Dr. Willson, who began the research at NASA's Jet Propulsion Laboratory in Pasadena, Calif., and now pursues it under NASA auspices from his home in Altadena, Calif., spliced together data from three probes in Earth orbit that together have monitored the sun since 1978: ACRIM I (Active Cavity Radiometer Irradiance Monitor) and ACRIM II, and the less precise Earth Radiation Budget Satellite (ERBS). The two ACRIM satellites were able to calibrate the degradation of their own sensors, a phenomenon that results from exposure to the sun's high-energy, short-wavelength radiation; the ERBS was not. Comparisons in space are essential in monitoring total solar irradiance precisely, Dr. Willson said.

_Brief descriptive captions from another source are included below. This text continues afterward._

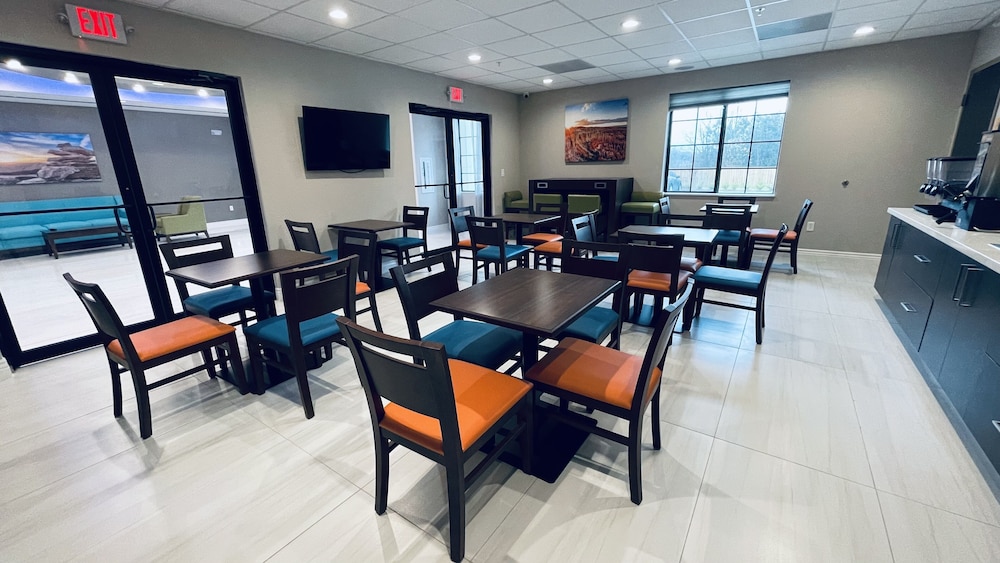 Days Inn & Suites by Wyndham Greater Tomball 50/61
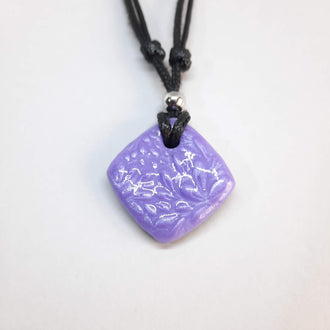 Gargantilla Con Colgante Cuadrado Lila
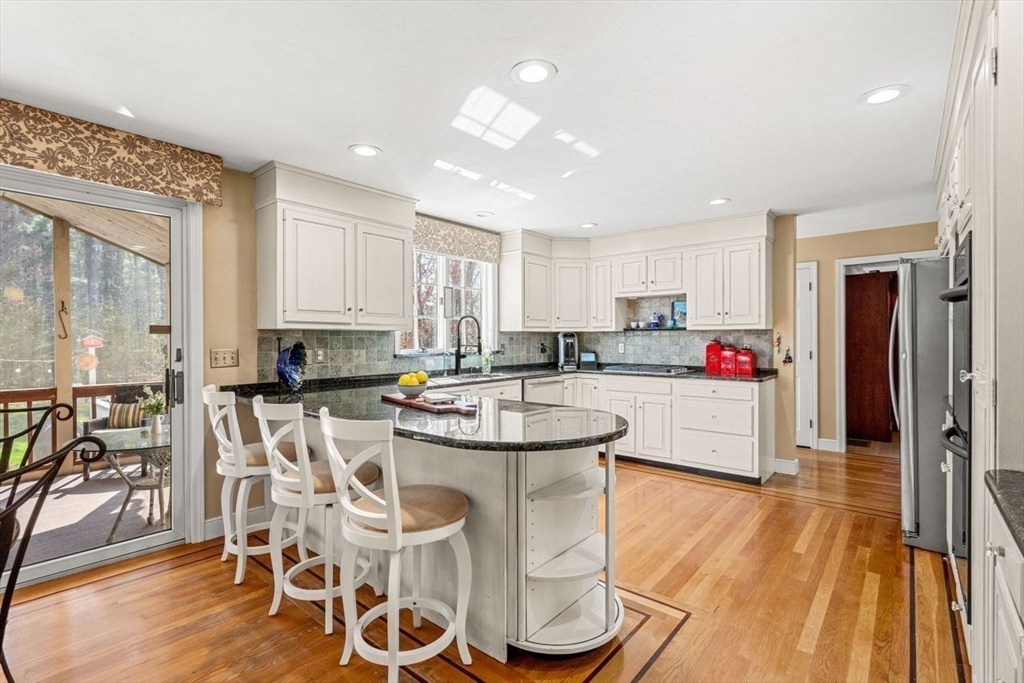 53 Spring Hill Road North Andover, MA 01845 - Photo 5 of 36 Gallery Image 5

ACRIM II was launched in September 1991, nearly two years behind schedule and after ACRIM I had already ceased gathering data, preventing comparisons between data from the two more sophisticated probes. To relate the measurements from the two ACRIM experiments precisely, Dr. Willson had to rely on ERBS data gathered during periods of overlap with the ACRIM sensors. Because the Earth's atmosphere absorbs or reflects much solar radiation, direct measurements of the sun's energy have only been possible since the late 1970s, when solar probes were lofted into orbit above the atmosphere.
The satellite data show that total solar irradiance reached a low point in 1986, climbed to a peak in about 1991, then declined to another low in 1996. "The significant finding is that the minimum total solar irradiance in 1996 is clearly higher than the one ten years earlier," Dr. Willson said.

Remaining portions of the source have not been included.